The field filtering options provide flexibility to:

includeFields: Only generate data for the specified field paths
excludeFields: Generate data for all fields except the specified ones
includeFieldPatterns: Include fields matching the regex patterns
excludeFieldPatterns: Exclude fields matching the regex patterns

Field paths use dot notation to navigate nested structures (e.g., parent.child.grandchild).

Additional Configurations

At the end of data generation, a report gets generated that summarises the actions it performed. We can control the output folder of that report via configurations.

JavaScalaYAMLUI

var config = configuration()
        .generatedReportsFolderPath("/opt/app/data/report")
        .enableGeneratePlanAndTasks(true)
        .enableUniqueCheck(true);

execute(config, jsonSchemaTask);

val config = configuration
  .generatedReportsFolderPath("/opt/app/data/report")
  .enableGeneratePlanAndTasks(true)
  .enableUniqueCheck(true)

execute(config, jsonSchemaTask)

In docker/data/custom/application.conf:

flags {
  enableGeneratePlanAndTasks = true
  enableUniqueCheck = true
}
folders {
  generatedReportsFolderPath = "/opt/app/data/report"
}

Click on Advanced Configuration towards the bottom of the screen
Click on Flag and click on Generate Plan And Tasks
Click on Flag and click on Unique Check
Click on Folder and enter /tmp/data-caterer/report for Generated Reports Folder Path

Run

Now we can run via the script ./run.sh that is in the top level directory of the data-caterer-example to run the class we just created.

JavaScalaYAMLUI

./run.sh MyJSONSchemaJavaPlan
head docker/sample/json-schema-output/part-00000-*

./run.sh MyJSONSchemaPlan
head docker/sample/json-schema-output/part-00000-*

./run.sh my-json-schema.yaml
head docker/sample/json-schema-output/part-00000-*

Click the button Execute at the top
Progress updates will show in the bottom right corner
Click on History at the top
Check for your plan name and see the result summary
Click on Report on the right side to see more details of what was executed

It should look something like this.

{
    "customer_direct_debit_initiation_v11": {
        "group_header": {
            "message_identification": "MSG001",
            "creation_date_time": "2024-03-15T10:30:45Z",
            "number_of_transactions": 1,
            "control_sum": 100.50,
            "initiating_party": {
                "name": "ACME Corp"
            }
        },
        "payment_information": {
            "payment_information_identification": "PMT001",
            "payment_method": "DD",
            "batch_booking": true,
            "direct_debit_transaction_information": {
                "payment_identification": {
                    "end_to_end_identification": "TXN001"
                },
                "instructed_amount": {
                    "value": 100.50,
                    "currency": "EUR"
                }
            }
        }
    }
}

Congratulations!

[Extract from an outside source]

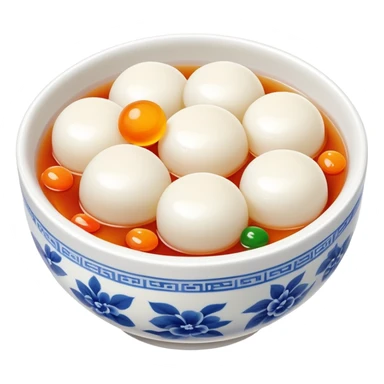 Lantern Festival tangyuan sweet rice balls in syrup with festive elements, simplified emoji style with bold outlines and bright colors, cartoon style colorful glutinous rice balls sticker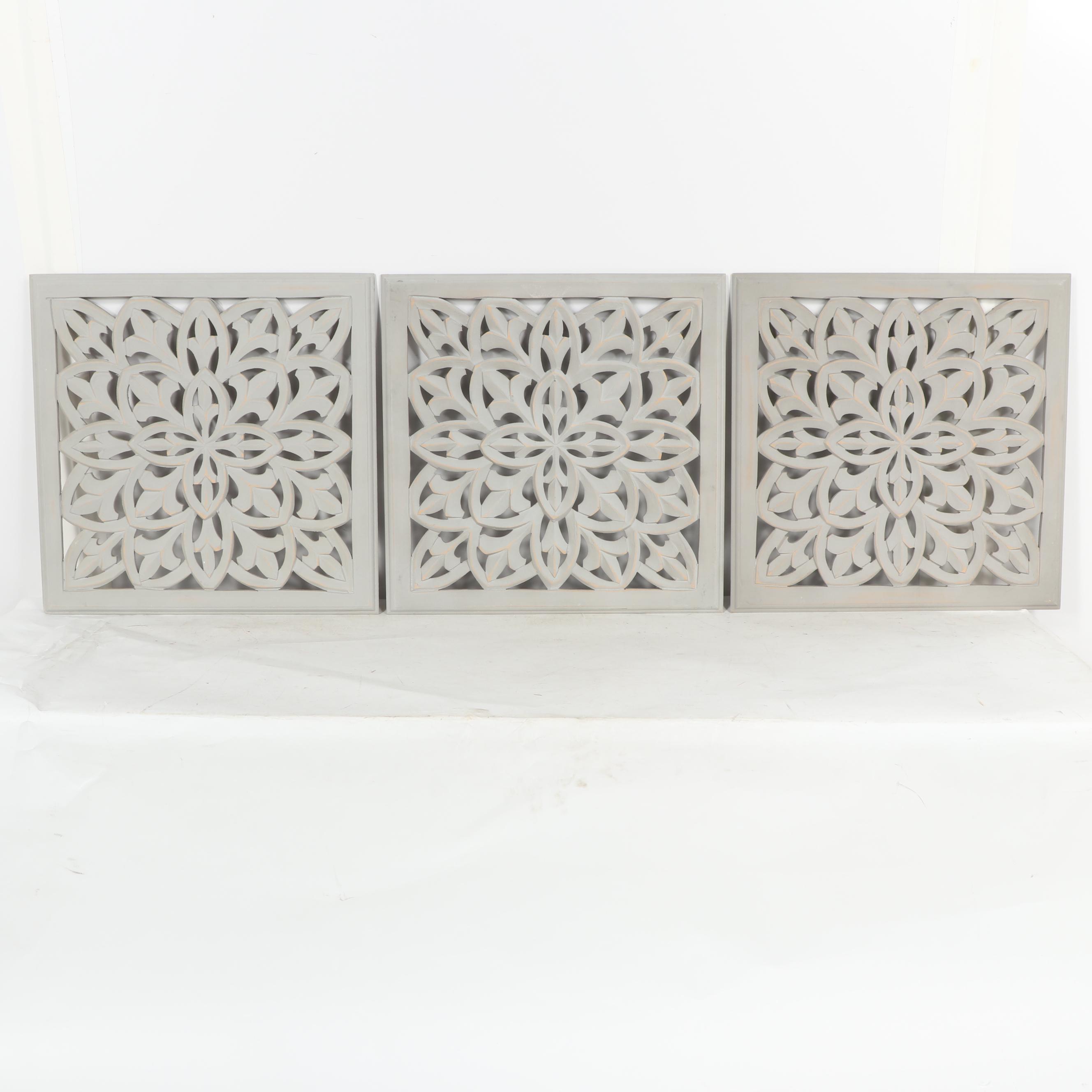 Carved Wood Plaques with Wreath Decor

You have now made a data generator that uses JSON Schema as a metadata source to generate realistic test data following your schema specifications.

Complex Schema Support

JSON Schema metadata source supports various JSON Schema features:

Data Types

String: Generates random strings with optional length constraints
Number/Integer: Generates numeric values within specified ranges
Boolean: Generates true/false values
Array: Generates arrays with configurable item types and sizes
Object: Generates nested objects with all defined properties

Constraints

enum: Selects from predefined values
pattern: Generates strings matching regex patterns
minimum/maximum: Numeric range constraints
minLength/maxLength: String length constraints
format: Built-in formats like date-time, email, uri, etc.

Nested Structures

Complex nested objects and arrays are fully supported, allowing you to generate data that matches sophisticated JSON Schema definitions.

Validation

If you want to validate data against a JSON Schema, you can use the generated data with validation frameworks or tools that support JSON Schema validation.

The JSON Schema metadata source in Data Caterer focuses on data generation based on the schema structure, ensuring that the generated data conforms to the defined schema constraints and types.